Check Hard drive for bad sectors or bad blocks in linux

7 Responses

  1. David Wood says:

    don’t you need to make sure the blocks are not allocated to a file or swap etc?

  2. Bernardo Verda says:

    Don’t modern harddrives already have all this already — as built in functionality?

    (access via smartctl)

    $ apropos smartctl
    smartctl (8) – Control and Monitor Utility for SMART Disks

  3. Виктор says:

    From time to time, it is a good practice to check your hard drive for errors using Windows CHKDSK or Check Disk.

  4. deco says:

    This has given me an idea of creating this script

    for disc in `fdisk -l | grep ‘^/’ | awk ‘{ print $1 }’`; do
    badblocks -v $disc > “$target”
    tam=$(du -k “$target” | cut -f 1)
    if [ $tam -eq $minsize ]; then
    echo “no badblocks on $disc”
    echo “badblock(s) found(s) on $disc”

  5. cipher says:

    You don’t need to run badblocks first. That’s a waste of time. Just use the e2fsck executable to run it for you with the -c option…
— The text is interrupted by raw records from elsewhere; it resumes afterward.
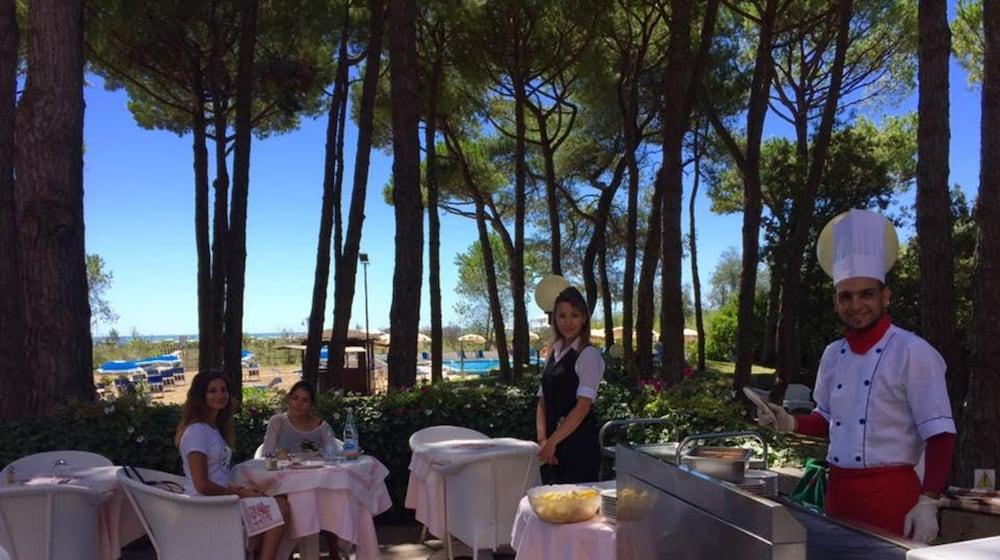 Beau Rivage Pineta Jesolo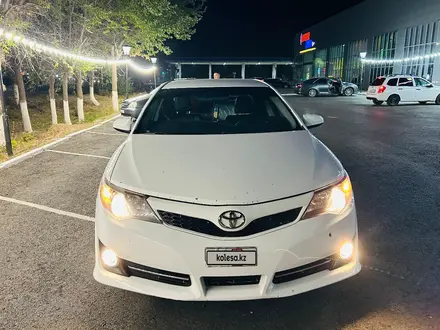 Toyota Camry 2013 года за 5 500 000 тг. в Уральск – фото 8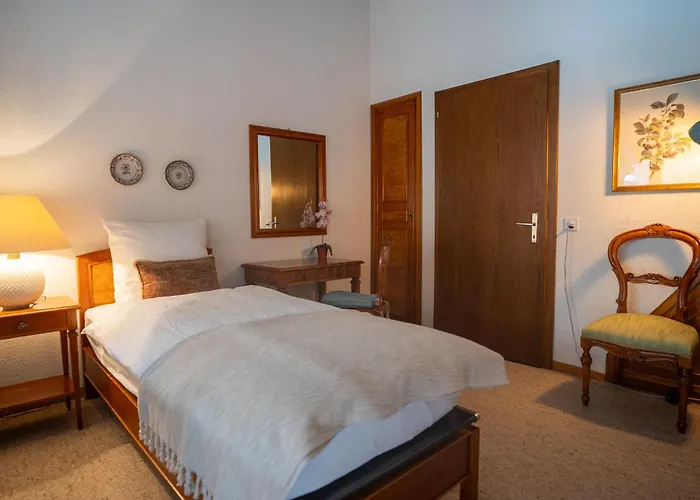 Apartment Penthouse-apartment Haus Attila *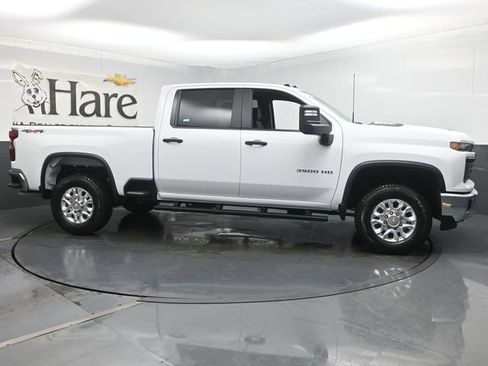 New 2026 Chevrolet Silverado 3500 W/T w/ WT Convenience Package AWD/4WD image 27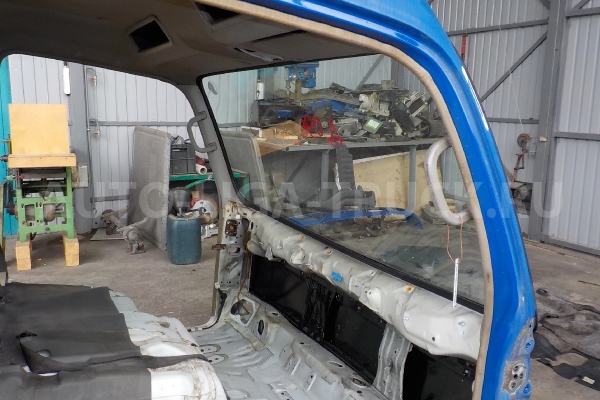 Кабина гол. Toyota Dyna, Toyoace S05C Кабина гол. S05C 2003 ALT-000237 Кабина гол. Toyota Dyna, Toyoace S05C Кабина гол. S05C 2003 ALT-000237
    # sudo e2fsck -c /dev/sdb

    This lets you avoid creating an unnecessary file, especially when you’re booting to an optical drive and don’t want to write to the hard drive you’re testing.

  6. Stoat says:


    The ONLY reason you should ever create a bad blocks table is to send commands to the drivbe to tell it to repair the sectors

    ATA and scsi drives are supposed to map out bad blocks. You can force the issue by wirting 0x00 to the sector (or use hdparm–repair-sector)

    Take note of smartctl -A /dev/drive returns – in particular the bad sector (mapped out sectors) and pending sectors (probably bad but not mapped out) values – if the bad sector normalised value (not the raw value) is below the threshold then you need to replace the drive – NOW.

    If you have large numbers of pending bad sectors then you’ll need to identify them and write zeros to them to allow the drive to fix or map them out (perfectly sectors can get marked as pending due to vibration issues, amongst other things).

    Badblocks -svn will do this (unmount the partition first!), or if the partition is trashable/part of a raidset, hdparm –repair-sector and then rescan/reformat afterwards.

    If bad sectors are not being mapped out then the drive needs to be replaced immediately. It’s probably out of spares (you’ll see this with smartctl -A) or about to fail.

  7. techhead says:

    What command just to report sectors or drive health.
    Using an old pata drive that has not been used in some time to run Linux
    peppermint 64x.
    From my experience with windows os’s and smart, one bad sector can trash
    a program or even the entire drive.